The combined Alkermes will start life with 25 commercialized products, pro forma annual revenues of some $450 million, and a strong CNS-focused pipeline of in-house and partnered products in clinical development. Drug formulation capabilities will include EDT’s oral controlled-release technologies and NanoCrystal® platform for poorly water-soluble drug compounds, together with Alkermes’ long-acting injectable drug expertise. In March the European Commission approved Janssen-Cilag’s injectable schizophrenia therapy Xeplion®, marking the first approval of an injectable drug formulated using EDT's NanoCrystal® technology.
Elan’s EDT business achieved revenues of $65.9 million in the first quarter of 2011. The firm says spinning out the operation will allow it to reduce debt and focus on progressing and building its CNS product pipeline. From Alkermes perspective, “this merger will bring the scale and resources for strategic and balanced investment across the whole product continuum, from R&D innovation to clinical development to world-class manufacturing and commercial expansion,” notes Richard Pops, Alkermes CSO. “The merger will be financially transformative and create a profitable, global biopharmaceutical company with a diversified CNS product portfolio and a strong foundation for growth.”
Alkermes has two marketed drugs: Risperdal® Consta®, for the treatment of schizophrenia and bipolar disorder; and Vivirol®, for treating alcohol and opioid dependence. The type 2 diabetes therapy Bydureon™, which is being developed by Eli Lilly, Amylin Pharmaceuticals, and Alkermes is under regulatory review in the U.S. and Europe. Bydureon is an extended release once-weekly injectable formulation of Byetta® (exenatide). In April the European Medicines Agency’s CHMP recommended approval of the drug in combination with oral therapies.
Alkermes’ clinical-stage pipeline includes Phase II stage candidates for treating opioid-induced constipation, schizophrenia, and reward disorders, potentially including alcohol dependence, binge eating disorder, cocaine addiction, and treatment-resistant depression. A preclinical pipeline includes candidates for treating pain, rheumatoid arthritis, and schizophrenia.
Janssen markets Risperdal Consta worldwide. Sales of the drug reached $388 million in the third fiscal quarter of 2010 (to December 31). Sales of Risperdal Consta were responsible for the bulk of the $9.8 million in royalty revenues earned by Alkermes in that period. The firm also reported making $7.7 million from its own net sales of Vivitrol in the three months to December 31, 2010. The majority of Alkereme’s total revenues are earned from manufacturing, and in Q3 2010 the firm reported manufacturing revenues of $26.2 million, including $25.5 million from the manufacture of Risperdal Consta for Janssen.
Elan is focused on the development of treatments for neurodegenerative disorders and autoimmune disorders.
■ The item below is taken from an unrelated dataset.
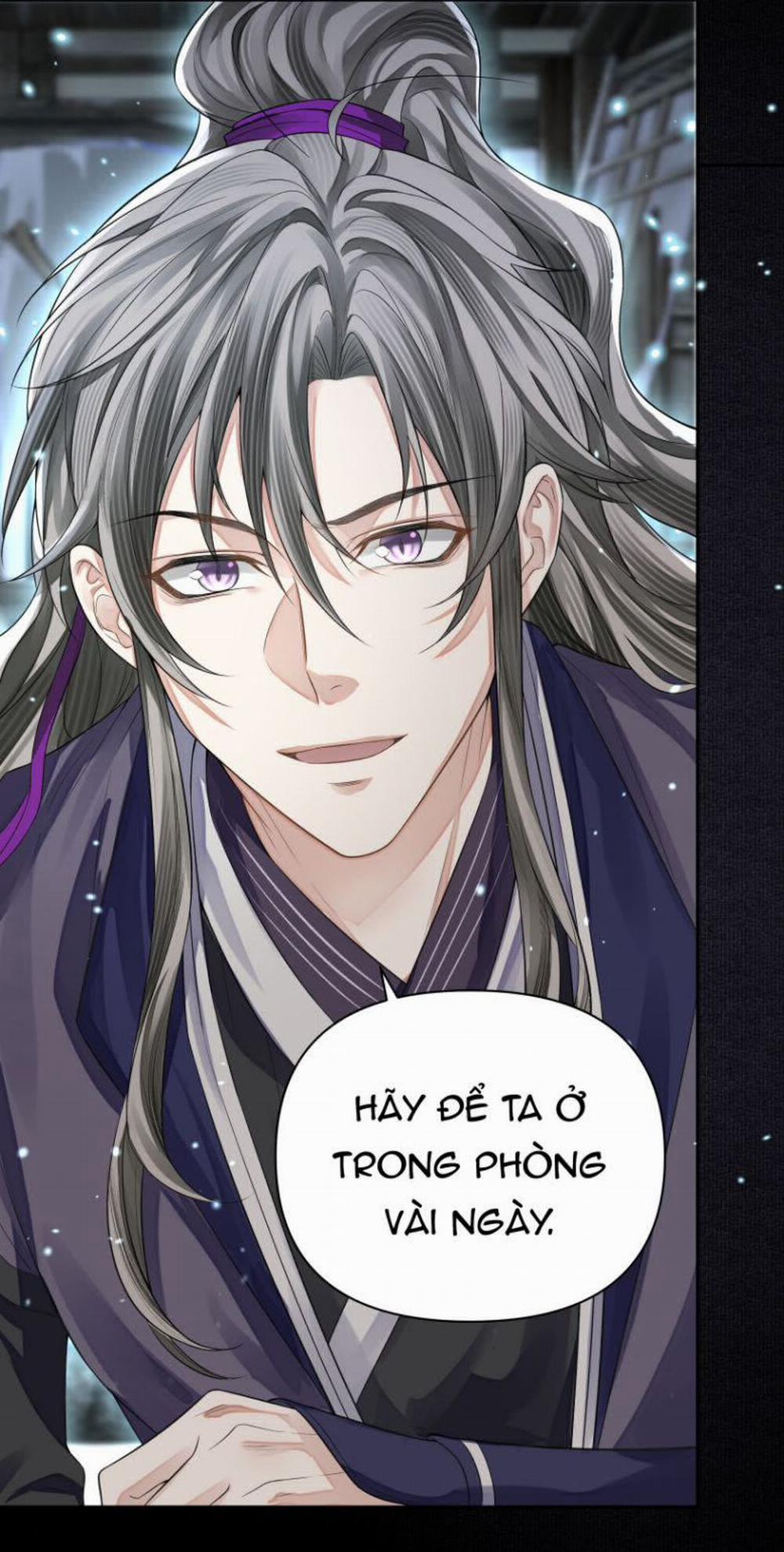 Đồng Tiền Kham Thế 20 trang 21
Its pipeline includes candidates for Alzheimer disease and Parkinson disease, multiple sclerosis, and Crohn’s disease. The firm’s Biogen Idec-partnered drug Tysabri® (natalizumab) is approved in major markets for the treatment of multiple sclerosis, and in the U.S. for the treatment of Crohn’s disease.
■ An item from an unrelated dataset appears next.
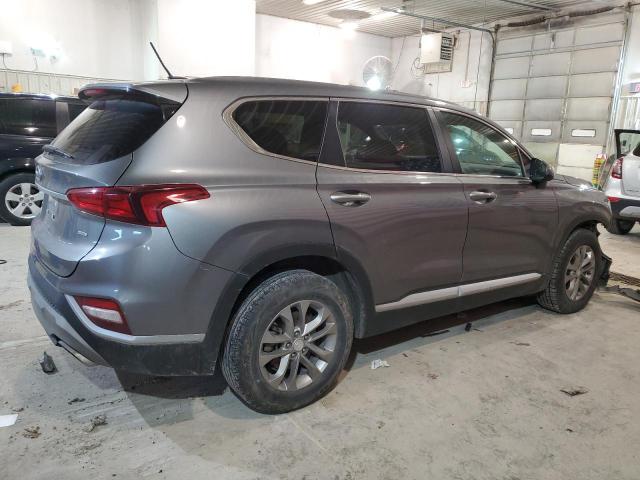 Obraz 3 z 2019 HYUNDAI SANTA FE SE 2019 z VIN 5NMS2CAD6KH110883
Elan markets Tysabri in the U.S., and shares profits from Biogen Idec’s sales of the drug in non-U.S. markets worldwide. Elan recorded net U.S. Tysabri sales of $169.9 million during first quarter of 2011, up 26% over net sales of $135.2 million in the same period of 2010. Global in-market net sales of the drug were $349.4 million for the first quarter of 2011, up 20% on equivalent 2010 figures. As a result, Elan recorded net revenue of $75.3 million from sales of Tysabri in rest of world markets during the first quarter of 2011, compared to revenues of $63.6 million in Q1 2010.